--- Raw data Enclosed Below ---

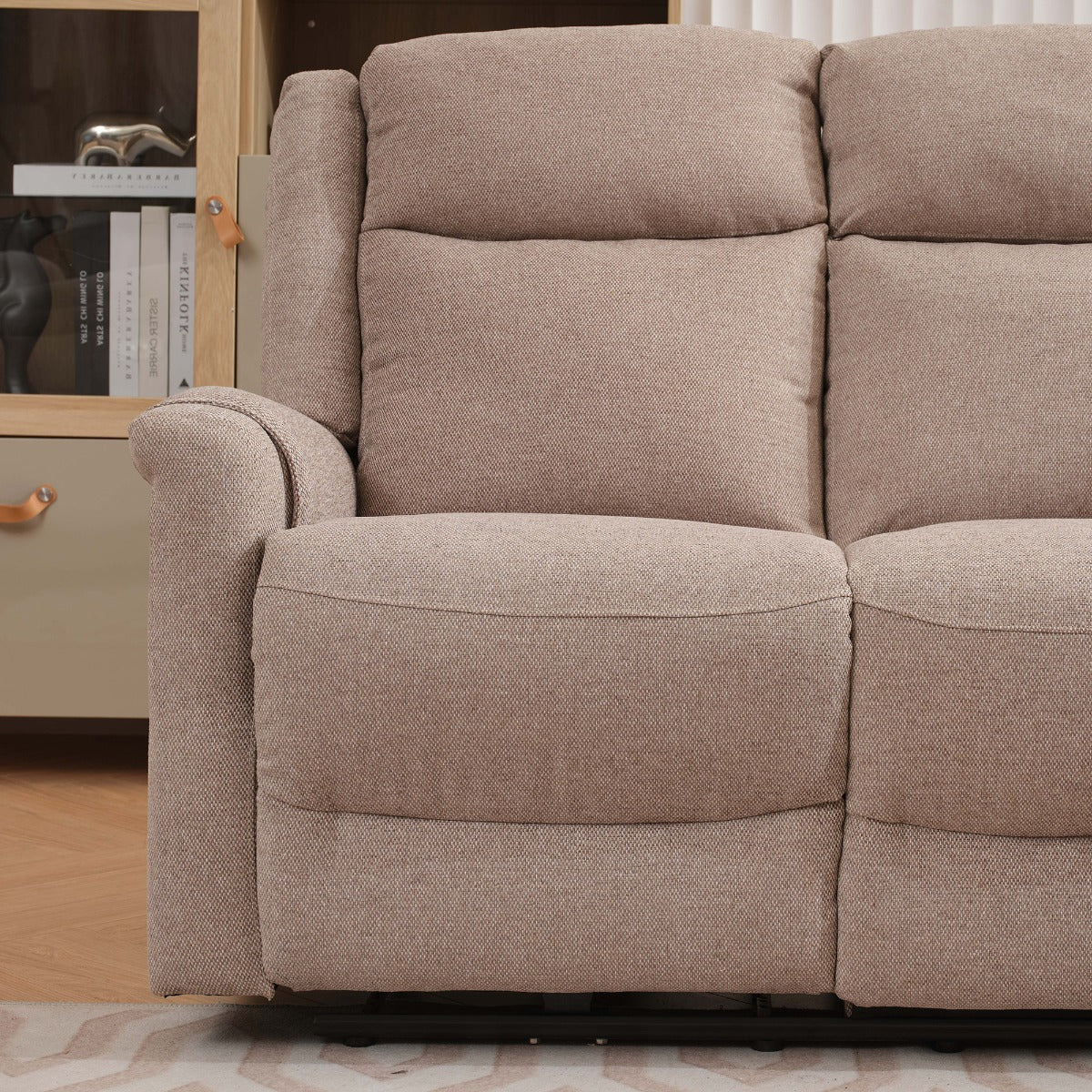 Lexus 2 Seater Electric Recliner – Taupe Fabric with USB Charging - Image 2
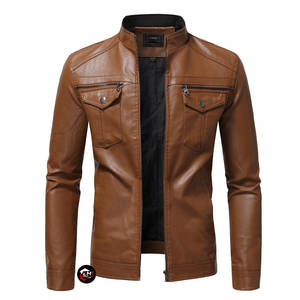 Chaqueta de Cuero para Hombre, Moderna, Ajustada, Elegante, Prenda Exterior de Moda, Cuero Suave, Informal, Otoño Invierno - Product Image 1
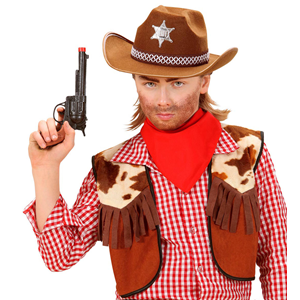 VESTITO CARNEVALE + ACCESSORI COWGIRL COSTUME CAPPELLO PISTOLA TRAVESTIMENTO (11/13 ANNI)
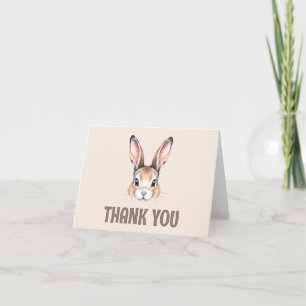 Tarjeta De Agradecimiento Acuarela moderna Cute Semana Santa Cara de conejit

--- End of Enclosed Raw data ---

■ Problem to solve: Your reply should consist solely of the lines from the line containing "VESTITO CARNEVALE +" through the last line of the listing, unchanged and free of pictures.

■ Written response:
 VESTITO CARNEVALE + ACCESSORI COWGIRL COSTUME CAPPELLO PISTOLA TRAVESTIMENTO (11/13 ANNI)
 Tarjeta De Agradecimiento Acuarela moderna Cute Semana Santa Cara de conejit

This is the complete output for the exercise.